Short web captions
-- Opening Marker --

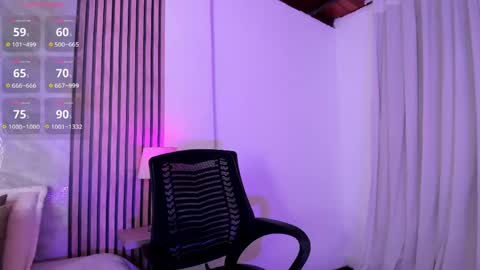 Snapshot of amanda_26 chatting on 05-27-26, 01:57 Luisa online show from 05-27-26, 01:57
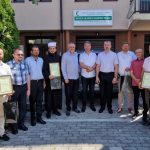 CHR Hajrat dodijelio zahvalnice džematima i imamima Limske doline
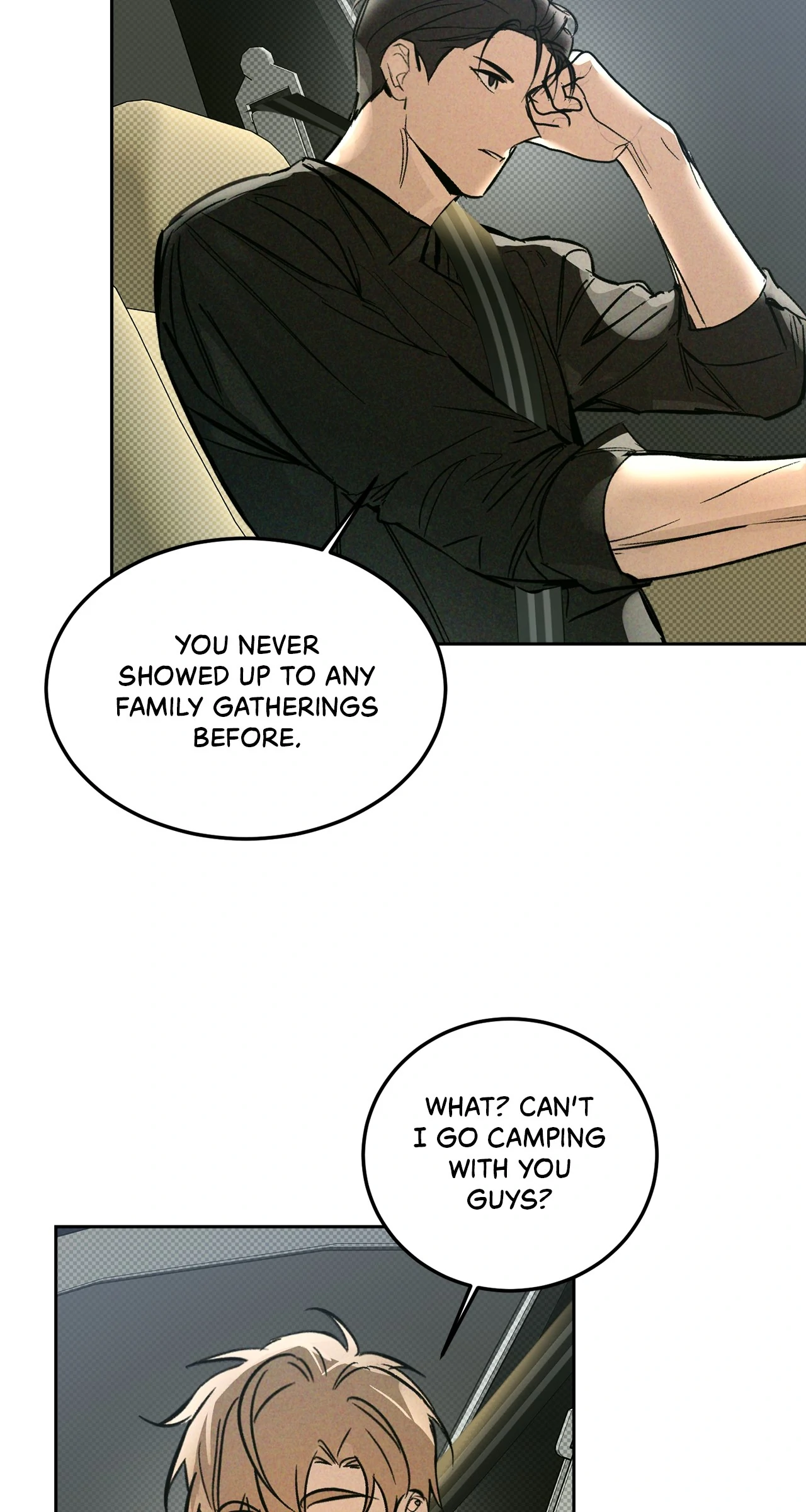 Odd Relations: An Eye for an Eye [Steamy] - Chapter 3 manhwa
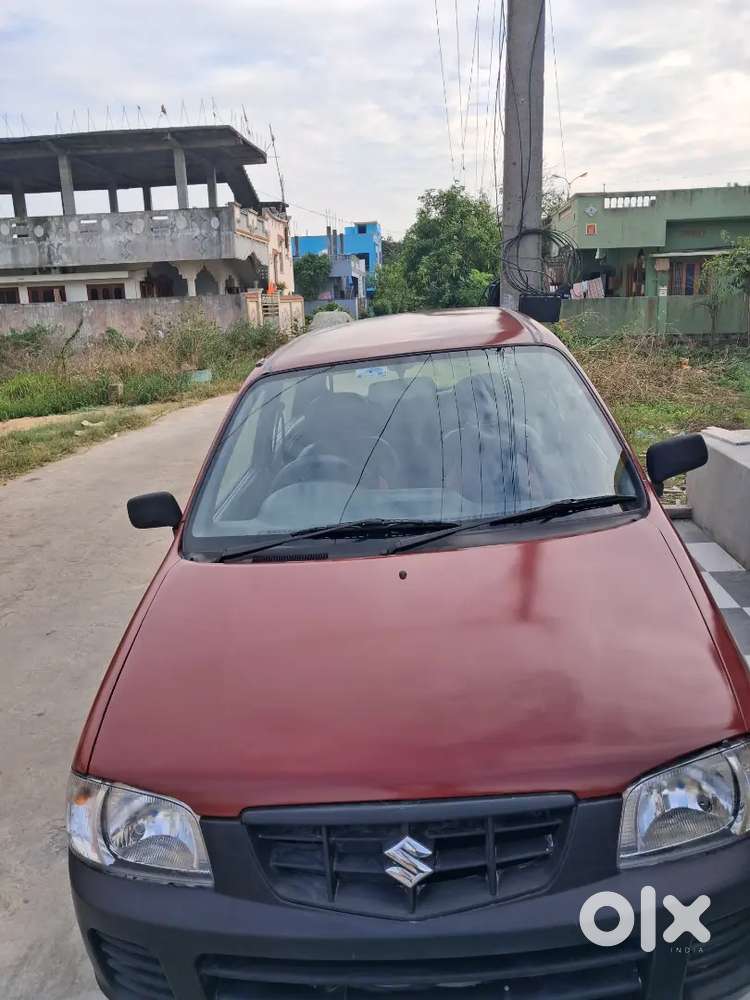 Maruti Alto 2008 Well Maintained Car For Sale
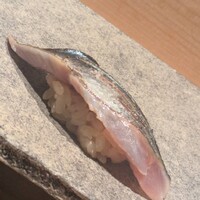 神楽坂 鮨 弥栄 別邸 - さんま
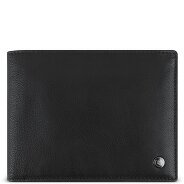 bugatti Black Magic Portafoglio Protezione RFID Pelle 12 cm Foto del prodotto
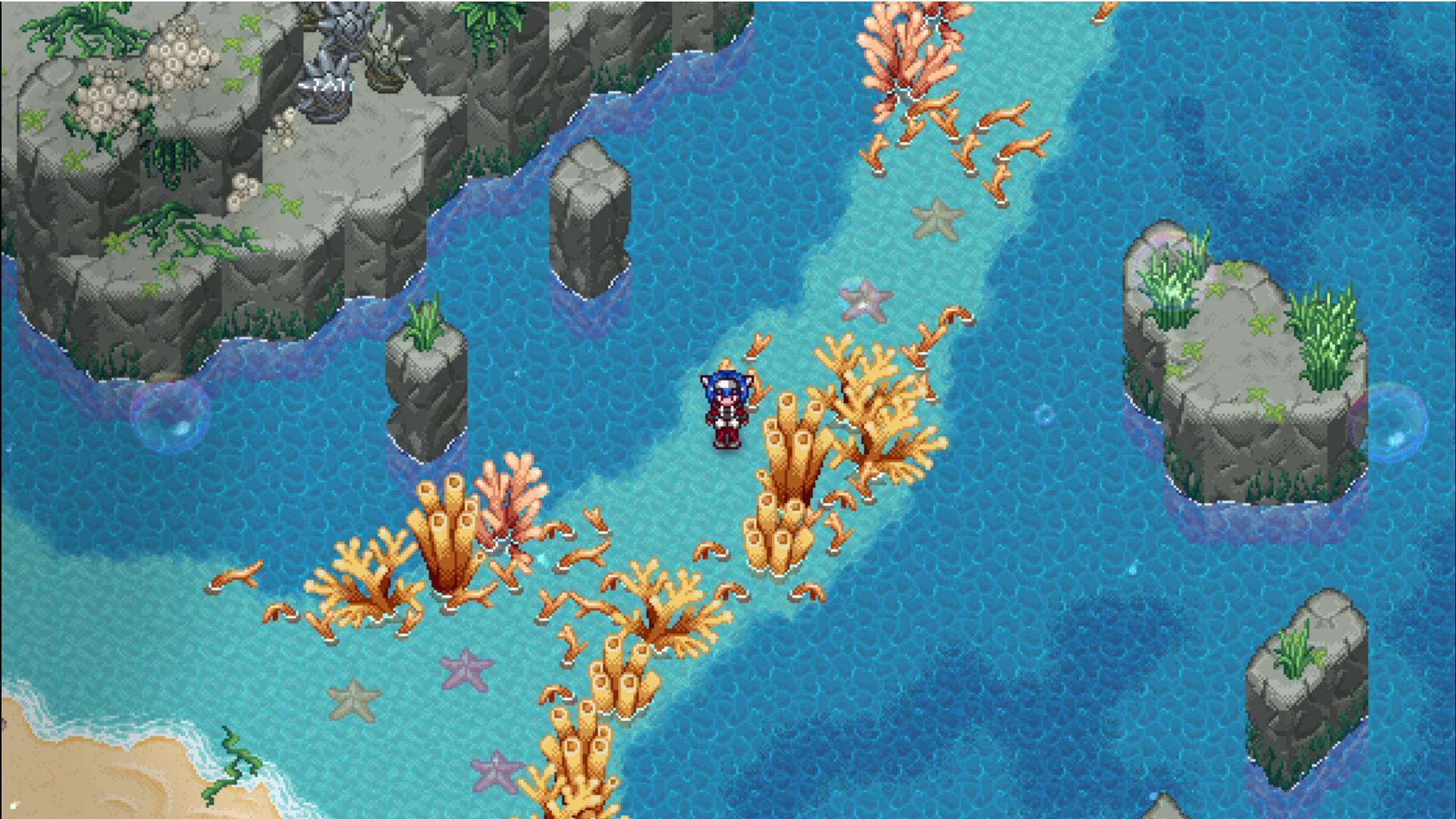 Crosscode n'aura pas de suite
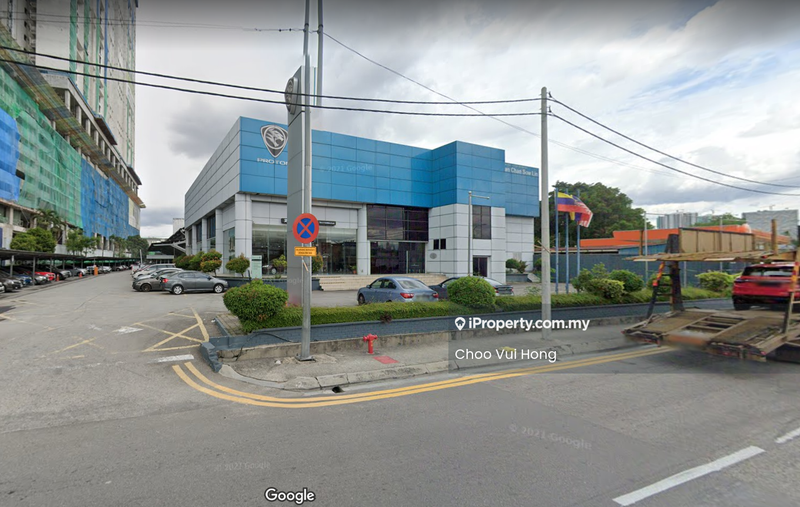 Detached Factory for Sale in Chan Sow Lin, Cheras by Choo Vui Hong - Exterior - iProperty.com.my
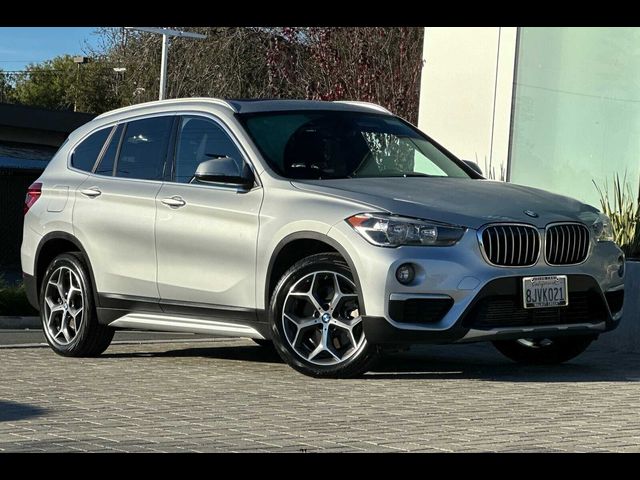 2018 BMW X1 sDrive28i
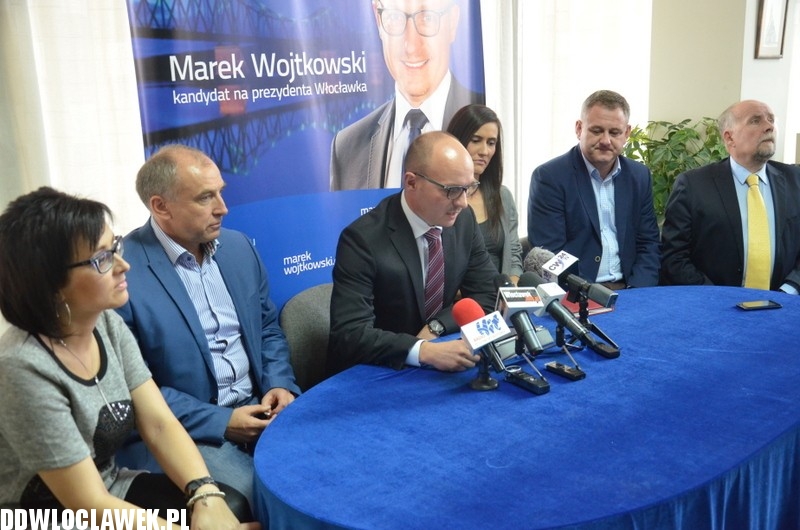 Wojtkowski: Włocławek miastem sportu
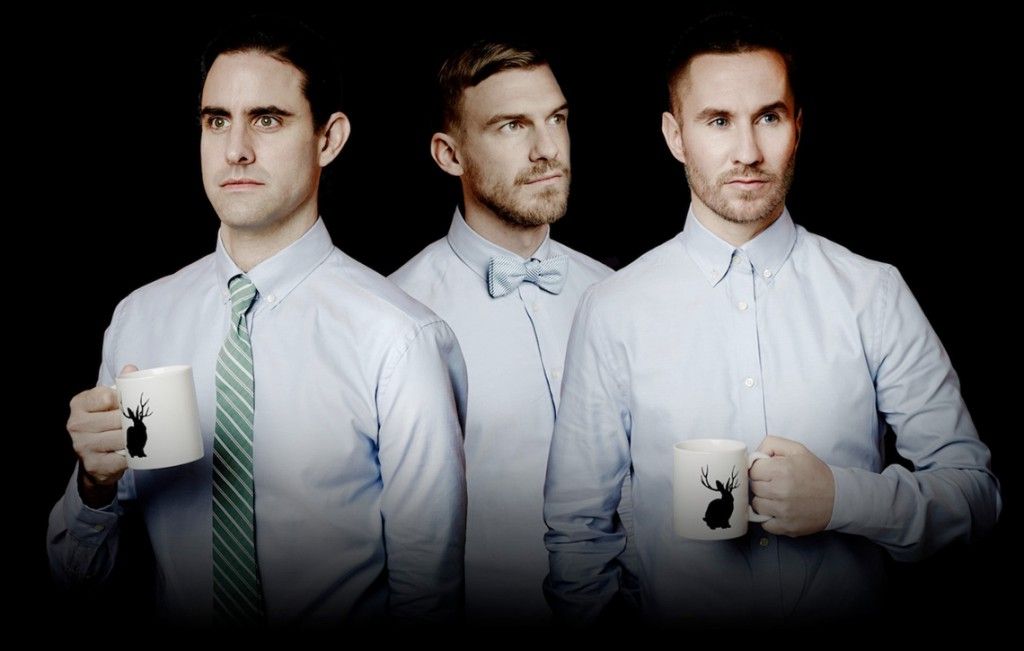 Miike Snow Announce Fall North American Tour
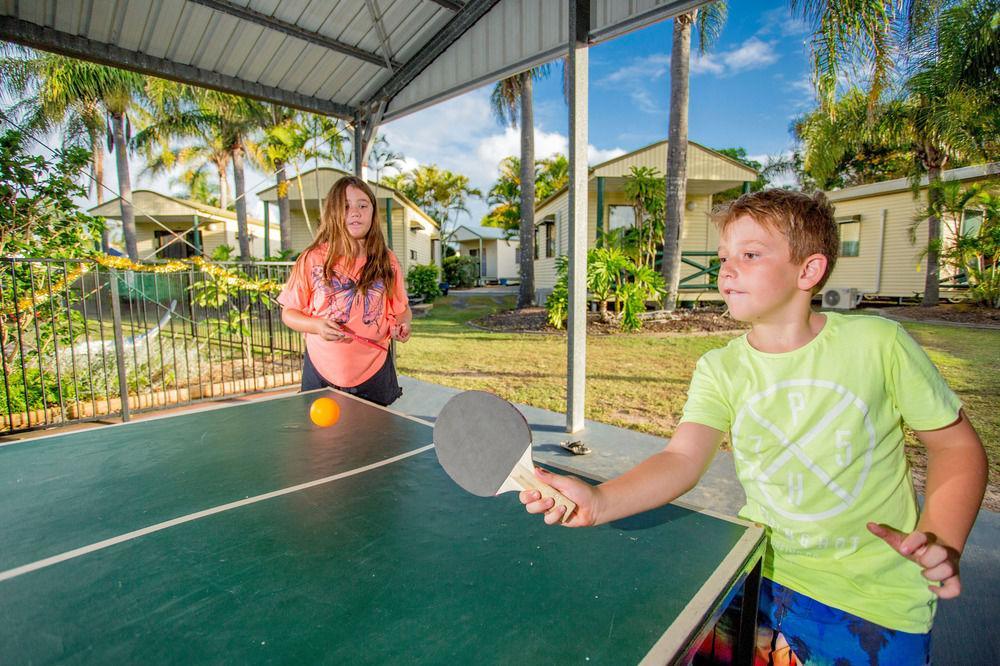 Australiana Tourist Park 4* Hervey Bay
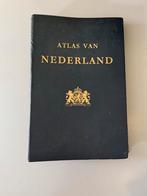 Antieke Atlas van Nederland - Gratis Afhalen, Overige atlassen, 1800 tot 2000, Nederland, Ophalen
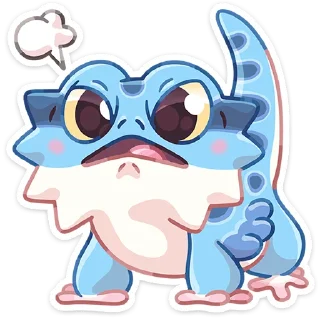 😠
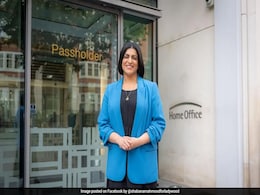 Who Is Shabana Mahmood, Pak-Origin Woman Chosen As UK's Home Secretary Who Is Shabana Mahmood, Pak-Origin Woman Chosen As UK's Home Secretary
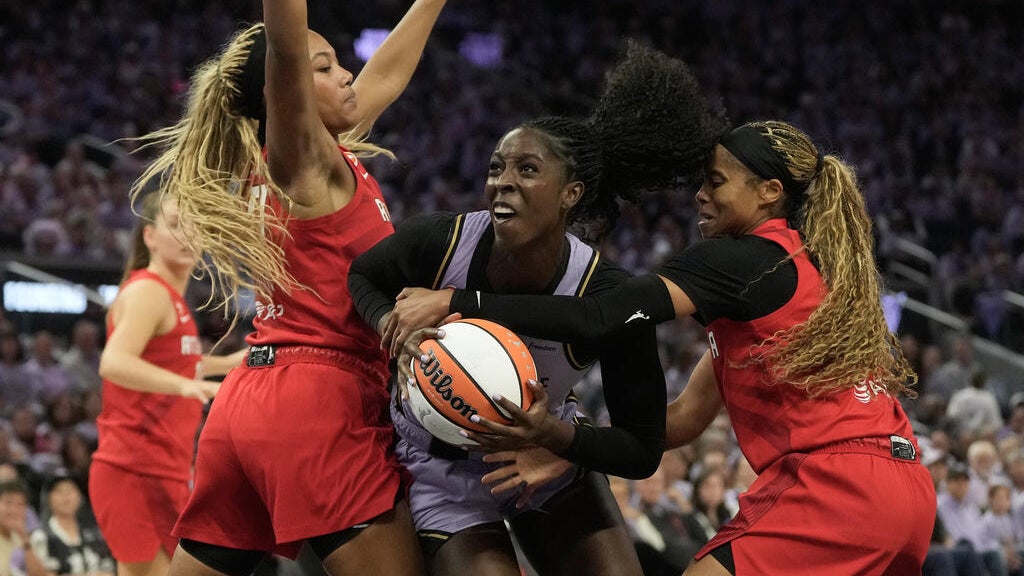 Golden State Valkyries win Game 1 of the WNBA Finals with 68-64 victory over Atlanta Dream โ CBS Bay Area (KPIX), Mountain View Business news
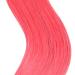 Buy Pink Bonding Hair Extensions - 100% Remy Real Hair 50x1g 60cm U-Tip Keratin Bondings #760 Pink - International Shipping Available - Buy Online on GoSupps.com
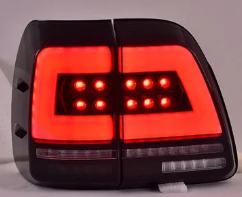 LED Tail Lights for Toyota Land Cruiser 100 (1998–2007)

-- Closing Marker --

_Problem to solve_
Retype each line above exactly. Leave the images out.

_Finished task_
 Snapshot of amanda_26 chatting on 05-27-26, 01:57 Luisa online show from 05-27-26, 01:57
 CHR Hajrat dodijelio zahvalnice džematima i imamima Limske doline
 Odd Relations: An Eye for an Eye [Steamy] - Chapter 3 manhwa
 Maruti Alto 2008 Well Maintained Car For Sale
 神楽坂 鮨 弥栄 別邸 - さんま
 bugatti Black Magic Portafoglio Protezione RFID Pelle 12 cm Foto del prodotto
 Crosscode n'aura pas de suite
 Detached Factory for Sale in Chan Sow Lin, Cheras by Choo Vui Hong - Exterior - iProperty.com.my
 2018 BMW X1 sDrive28i
 Wojtkowski: Włocławek miastem sportu
 Miike Snow Announce Fall North American Tour
 Australiana Tourist Park 4* Hervey Bay
 Antieke Atlas van Nederland - Gratis Afhalen, Overige atlassen, 1800 tot 2000, Nederland, Ophalen
 😠
 Who Is Shabana Mahmood, Pak-Origin Woman Chosen As UK's Home Secretary Who Is Shabana Mahmood, Pak-Origin Woman Chosen As UK's Home Secretary
 Golden State Valkyries win Game 1 of the WNBA Finals with 68-64 victory over Atlanta Dream โ CBS Bay Area (KPIX), Mountain View Business news
 Buy Pink Bonding Hair Extensions - 100% Remy Real Hair 50x1g 60cm U-Tip Keratin Bondings #760 Pink - International Shipping Available - Buy Online on GoSupps.com
 LED Tail Lights for Toyota Land Cruiser 100 (1998–2007)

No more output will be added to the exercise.